My name is Maggie and I have a bone to pick with Diane Watson. She states that racism is behind the push AGAINST a government take-over of our health care system.
This may be hard for some to hear…but I’m of the mind that racism is behind the push FOR for the government take-over of one sixth of the nation’s economy.
I have no health coverage, I don’t take food stamps and I am not on the public dole. If I looked like Watson, I would have been raised in an atmosphere that promotes the knowledge required to learn to make a living off of the government. I was never taught how to apply for foods stamps, nor was I raised to believe that it was a good thing. Therefore, my white upbringing totally disenfranchised me from the welfare system.
Even public housing, some of which is available for $17 a month, is geared toward those who know how to manipulate the system. There is no race-neutral system available to help those of us who were taught to pay our own way. Why should I suffer because of parents who didn’t show me how to apply for federal housing…and worse…brainwashed me to believe that it was a BAD thing? How do I overcome years spent with a father who inculcated pride into my very psyche?
Subsidies, entitlements and yes…even health care are difficult to attain for people who look like me because we were raised in families who believed that we had to be productive members of society. Our parents, in their ignorance, believed that America would always help those who helped themselves and they expected us to “pull ourselves up by our bootstraps and try again”….every single time we fell! How can people who look like me ever stand a chance in a system created specifically for people who were raised to support the candidates who look like them?
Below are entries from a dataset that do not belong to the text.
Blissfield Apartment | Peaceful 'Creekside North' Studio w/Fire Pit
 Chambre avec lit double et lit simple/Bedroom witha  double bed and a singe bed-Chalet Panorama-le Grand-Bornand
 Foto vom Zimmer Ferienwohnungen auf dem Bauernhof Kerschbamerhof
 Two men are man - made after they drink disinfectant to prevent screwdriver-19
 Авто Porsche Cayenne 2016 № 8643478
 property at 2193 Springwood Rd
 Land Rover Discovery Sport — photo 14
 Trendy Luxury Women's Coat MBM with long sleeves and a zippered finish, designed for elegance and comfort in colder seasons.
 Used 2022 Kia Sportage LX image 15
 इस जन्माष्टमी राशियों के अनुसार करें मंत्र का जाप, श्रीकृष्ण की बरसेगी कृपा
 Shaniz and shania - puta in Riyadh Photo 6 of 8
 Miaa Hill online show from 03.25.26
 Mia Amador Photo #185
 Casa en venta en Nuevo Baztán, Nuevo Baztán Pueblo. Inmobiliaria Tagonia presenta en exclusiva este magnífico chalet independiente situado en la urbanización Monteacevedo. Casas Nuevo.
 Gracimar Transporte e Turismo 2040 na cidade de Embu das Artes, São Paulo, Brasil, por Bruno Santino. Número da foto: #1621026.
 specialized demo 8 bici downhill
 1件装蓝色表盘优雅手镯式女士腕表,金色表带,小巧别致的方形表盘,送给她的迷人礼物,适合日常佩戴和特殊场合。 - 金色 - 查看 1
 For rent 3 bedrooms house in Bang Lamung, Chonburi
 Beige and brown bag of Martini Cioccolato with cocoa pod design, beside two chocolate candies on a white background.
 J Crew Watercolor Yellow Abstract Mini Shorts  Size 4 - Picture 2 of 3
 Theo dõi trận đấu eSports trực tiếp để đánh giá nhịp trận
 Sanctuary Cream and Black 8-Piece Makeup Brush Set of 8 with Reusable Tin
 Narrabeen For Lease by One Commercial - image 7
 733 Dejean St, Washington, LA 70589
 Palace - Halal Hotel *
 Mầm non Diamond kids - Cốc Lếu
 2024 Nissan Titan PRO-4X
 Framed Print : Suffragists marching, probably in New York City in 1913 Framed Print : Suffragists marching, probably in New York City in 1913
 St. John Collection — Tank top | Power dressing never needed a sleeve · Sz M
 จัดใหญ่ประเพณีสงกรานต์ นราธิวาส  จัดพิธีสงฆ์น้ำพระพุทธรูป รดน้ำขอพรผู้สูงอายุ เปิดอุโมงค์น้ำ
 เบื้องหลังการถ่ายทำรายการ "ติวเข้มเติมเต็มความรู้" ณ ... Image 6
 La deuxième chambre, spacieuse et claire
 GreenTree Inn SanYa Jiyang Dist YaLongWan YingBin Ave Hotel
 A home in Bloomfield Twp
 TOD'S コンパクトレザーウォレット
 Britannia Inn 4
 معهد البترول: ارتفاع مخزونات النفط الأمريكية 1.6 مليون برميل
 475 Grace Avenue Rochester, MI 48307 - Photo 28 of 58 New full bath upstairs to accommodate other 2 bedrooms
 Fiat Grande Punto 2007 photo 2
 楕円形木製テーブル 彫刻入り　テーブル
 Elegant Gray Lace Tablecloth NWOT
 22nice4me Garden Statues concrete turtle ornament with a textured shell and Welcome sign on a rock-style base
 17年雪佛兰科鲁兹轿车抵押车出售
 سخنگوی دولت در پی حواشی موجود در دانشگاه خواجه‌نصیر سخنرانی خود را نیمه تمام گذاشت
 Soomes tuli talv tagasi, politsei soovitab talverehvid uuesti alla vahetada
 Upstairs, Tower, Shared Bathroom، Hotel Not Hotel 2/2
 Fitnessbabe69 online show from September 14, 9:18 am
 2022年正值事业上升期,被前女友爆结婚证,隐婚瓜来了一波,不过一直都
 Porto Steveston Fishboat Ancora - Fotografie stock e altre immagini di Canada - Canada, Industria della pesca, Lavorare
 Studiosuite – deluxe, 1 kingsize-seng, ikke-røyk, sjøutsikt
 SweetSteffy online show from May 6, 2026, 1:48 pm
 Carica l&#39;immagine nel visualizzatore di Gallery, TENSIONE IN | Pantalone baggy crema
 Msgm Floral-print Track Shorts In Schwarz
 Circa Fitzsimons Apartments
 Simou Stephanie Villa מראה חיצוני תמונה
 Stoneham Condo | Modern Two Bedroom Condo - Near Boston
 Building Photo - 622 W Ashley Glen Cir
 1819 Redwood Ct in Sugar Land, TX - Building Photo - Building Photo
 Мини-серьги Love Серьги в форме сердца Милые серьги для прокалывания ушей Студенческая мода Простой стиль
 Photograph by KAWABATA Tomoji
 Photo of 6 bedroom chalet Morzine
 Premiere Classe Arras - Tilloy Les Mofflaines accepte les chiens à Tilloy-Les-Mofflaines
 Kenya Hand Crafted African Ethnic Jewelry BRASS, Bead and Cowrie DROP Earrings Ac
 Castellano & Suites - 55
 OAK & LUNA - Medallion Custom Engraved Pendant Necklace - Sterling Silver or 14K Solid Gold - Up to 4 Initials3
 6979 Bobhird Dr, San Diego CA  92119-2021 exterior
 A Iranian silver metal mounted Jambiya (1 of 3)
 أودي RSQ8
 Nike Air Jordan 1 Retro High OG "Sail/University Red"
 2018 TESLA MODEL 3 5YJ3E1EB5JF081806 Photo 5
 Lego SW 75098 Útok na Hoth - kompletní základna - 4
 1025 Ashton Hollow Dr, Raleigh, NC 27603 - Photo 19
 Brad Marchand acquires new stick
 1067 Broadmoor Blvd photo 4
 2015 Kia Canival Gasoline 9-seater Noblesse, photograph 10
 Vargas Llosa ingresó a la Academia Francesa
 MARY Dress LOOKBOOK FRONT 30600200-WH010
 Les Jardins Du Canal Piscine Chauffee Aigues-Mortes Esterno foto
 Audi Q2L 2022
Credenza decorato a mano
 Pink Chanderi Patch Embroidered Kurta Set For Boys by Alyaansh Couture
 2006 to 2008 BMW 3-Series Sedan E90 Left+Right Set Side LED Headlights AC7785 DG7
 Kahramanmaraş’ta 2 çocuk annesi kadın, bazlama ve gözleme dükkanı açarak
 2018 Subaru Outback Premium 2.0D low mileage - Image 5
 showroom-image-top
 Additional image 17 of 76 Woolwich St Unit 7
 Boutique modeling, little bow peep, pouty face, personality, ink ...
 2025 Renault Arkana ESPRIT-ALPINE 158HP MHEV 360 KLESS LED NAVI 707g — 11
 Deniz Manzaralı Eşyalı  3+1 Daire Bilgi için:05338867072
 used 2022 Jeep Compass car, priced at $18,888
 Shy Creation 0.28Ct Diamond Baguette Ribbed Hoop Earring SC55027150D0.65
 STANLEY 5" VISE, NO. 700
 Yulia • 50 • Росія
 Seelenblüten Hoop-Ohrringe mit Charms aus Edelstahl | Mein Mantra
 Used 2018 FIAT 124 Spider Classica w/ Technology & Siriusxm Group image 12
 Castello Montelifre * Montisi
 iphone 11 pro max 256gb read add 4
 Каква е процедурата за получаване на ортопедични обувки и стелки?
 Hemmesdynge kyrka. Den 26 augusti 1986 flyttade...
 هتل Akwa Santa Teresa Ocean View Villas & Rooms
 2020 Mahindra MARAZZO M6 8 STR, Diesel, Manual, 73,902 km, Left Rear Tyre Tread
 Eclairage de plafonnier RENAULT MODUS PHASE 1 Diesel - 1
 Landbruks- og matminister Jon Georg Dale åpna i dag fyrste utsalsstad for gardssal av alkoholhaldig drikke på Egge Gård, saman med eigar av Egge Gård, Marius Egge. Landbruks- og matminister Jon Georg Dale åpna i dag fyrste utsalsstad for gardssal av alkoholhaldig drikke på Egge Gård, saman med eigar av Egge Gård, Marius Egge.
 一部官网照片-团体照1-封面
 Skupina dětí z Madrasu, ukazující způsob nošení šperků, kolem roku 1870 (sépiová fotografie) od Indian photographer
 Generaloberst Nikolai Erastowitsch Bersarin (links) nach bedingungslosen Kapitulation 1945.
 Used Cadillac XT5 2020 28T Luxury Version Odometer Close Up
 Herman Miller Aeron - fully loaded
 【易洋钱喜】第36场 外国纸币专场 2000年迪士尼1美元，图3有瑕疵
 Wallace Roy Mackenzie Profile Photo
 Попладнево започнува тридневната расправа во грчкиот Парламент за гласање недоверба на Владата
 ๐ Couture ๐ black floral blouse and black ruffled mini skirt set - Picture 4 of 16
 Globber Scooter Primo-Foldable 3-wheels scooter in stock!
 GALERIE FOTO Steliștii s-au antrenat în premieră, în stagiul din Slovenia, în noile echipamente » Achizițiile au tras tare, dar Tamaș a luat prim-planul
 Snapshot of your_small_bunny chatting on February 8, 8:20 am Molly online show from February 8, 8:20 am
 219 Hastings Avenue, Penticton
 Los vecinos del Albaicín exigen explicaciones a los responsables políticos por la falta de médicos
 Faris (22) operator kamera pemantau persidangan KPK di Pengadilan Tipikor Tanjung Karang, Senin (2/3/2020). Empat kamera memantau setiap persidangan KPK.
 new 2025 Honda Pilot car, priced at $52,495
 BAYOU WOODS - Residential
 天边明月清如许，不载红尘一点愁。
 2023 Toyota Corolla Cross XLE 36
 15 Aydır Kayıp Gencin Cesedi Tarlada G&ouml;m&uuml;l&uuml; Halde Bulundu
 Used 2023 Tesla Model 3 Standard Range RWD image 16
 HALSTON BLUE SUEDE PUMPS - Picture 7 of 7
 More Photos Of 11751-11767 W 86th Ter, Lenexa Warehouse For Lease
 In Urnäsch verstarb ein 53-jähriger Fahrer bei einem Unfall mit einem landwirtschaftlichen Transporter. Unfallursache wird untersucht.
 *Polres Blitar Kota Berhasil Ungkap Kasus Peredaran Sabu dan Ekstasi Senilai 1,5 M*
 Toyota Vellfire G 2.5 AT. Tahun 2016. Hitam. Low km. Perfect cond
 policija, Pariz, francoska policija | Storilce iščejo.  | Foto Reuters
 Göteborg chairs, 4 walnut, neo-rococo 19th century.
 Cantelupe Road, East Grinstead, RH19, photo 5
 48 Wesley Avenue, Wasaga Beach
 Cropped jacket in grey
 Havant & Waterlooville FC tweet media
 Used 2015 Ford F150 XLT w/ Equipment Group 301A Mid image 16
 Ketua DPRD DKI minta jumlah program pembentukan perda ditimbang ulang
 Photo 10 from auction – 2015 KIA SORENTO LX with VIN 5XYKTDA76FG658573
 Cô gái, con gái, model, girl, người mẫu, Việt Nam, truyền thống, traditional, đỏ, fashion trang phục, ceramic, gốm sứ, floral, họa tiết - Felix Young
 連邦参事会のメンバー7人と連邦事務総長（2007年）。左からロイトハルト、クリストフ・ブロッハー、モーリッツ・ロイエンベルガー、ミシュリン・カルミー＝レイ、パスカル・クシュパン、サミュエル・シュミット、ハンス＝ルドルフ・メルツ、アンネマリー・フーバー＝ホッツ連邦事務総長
Of course, our parents never prepared us for the option that there would be two lines…the line of people who work and the line of people who stand in line for a living, picking up the money dropped off by those who work. Right now I should be standing in some hand out line with a Walkman, a cell phone and my laptop. Instead, I’m left to sell my belongings to pay my way to a family member who can help take care of me because, once again, I have no knowledge of the free stuff available to me. People who look like me were never members of a culture raised to know how to get free stuff. Nor do people who look like me know how to ask for welfare without feeling like a failure. This unfair disadvantage keeps many who look like me out of the county welfare offices and that’s just not right.
As long as I’m under the influence of a father who taught us that racist concept of personal responsibility, and as long as I’m going to remain in need of food, medical care, housing and a person to help me during the day…I will have to figure it out without the help of the people in the working line.
And who’s to blame for this travesty? All of those people who don’t look like me think that people who DO look like me should pay for thier health care, whether or not we have health care of our own. Oh, and don’t forget, our racist administration has such disdain for the Founding Fathers (who looked like me!) that they are taking the list of rules that was created by they who look like me, and trying to hopscotch around them to create rights that have never been given to the Federal Government.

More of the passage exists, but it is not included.